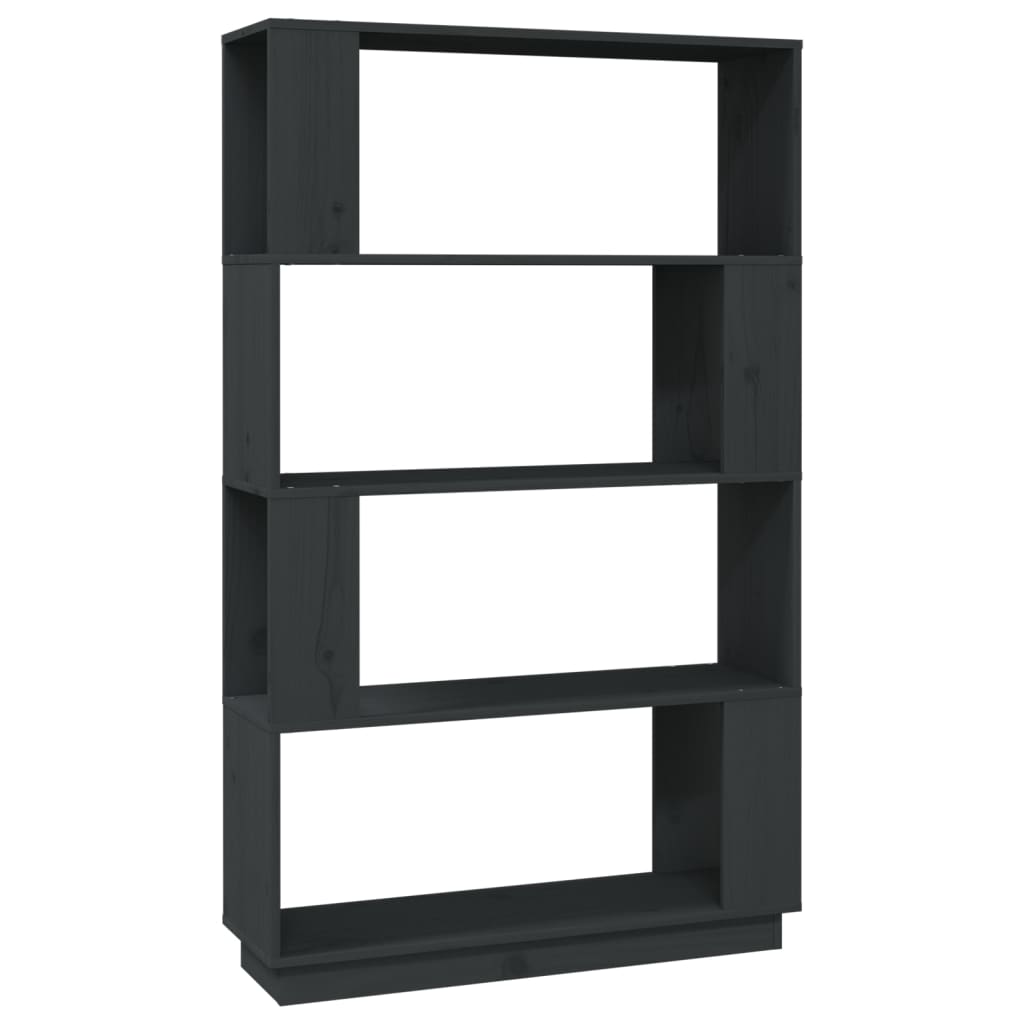 Boekenkast/Kamerscherm 80X25X32 Cm Massief Grenenhout Grijs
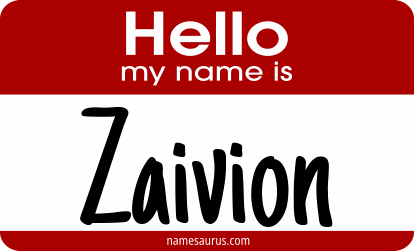 Hello my name is Zaivion png download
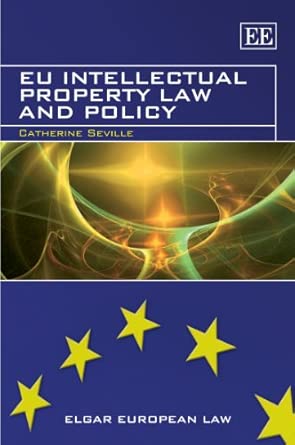 EU Intellectual Property Law and Policy (Elgar European Law series)-Wow! eBook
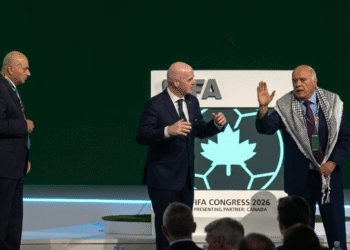 Gesto de paz termina en un momento tensión en el Congreso de la FIFA entre Israel y Palestina. ¿Qué pasó?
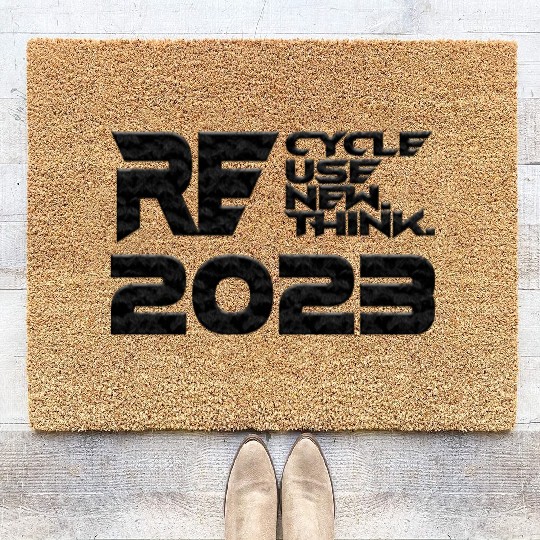 Earth Day Recycle Use New Thing Coir Doormats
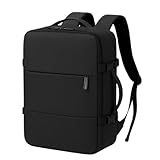 Mochila de Viagem executiva FERUN 35L Masculina/Feminina, Antifurto, Compartimento para Notebook 17', Bolso para Calçados, Resistente à Água, Executiva e Moderna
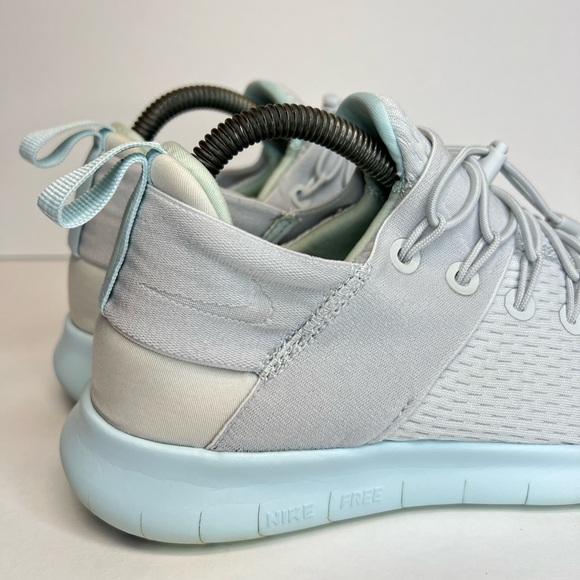 Nike Free RN CMTR Commuter Womens Sz 8 880842-012 Pure Platinum/Powder Blu NICE! - Picture 9 of 15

====

## ACTIVITY
Beginning at the line with "Earth Day Recycle" and ending at the last line of the listing above, retype each line exactly, including those two lines. Leave the pictures out.

## SOLUTION FOR THIS TASK
 Earth Day Recycle Use New Thing Coir Doormats
 Mochila de Viagem executiva FERUN 35L Masculina/Feminina, Antifurto, Compartimento para Notebook 17', Bolso para Calçados, Resistente à Água, Executiva e Moderna
 Nike Free RN CMTR Commuter Womens Sz 8 880842-012 Pure Platinum/Powder Blu NICE! - Picture 9 of 15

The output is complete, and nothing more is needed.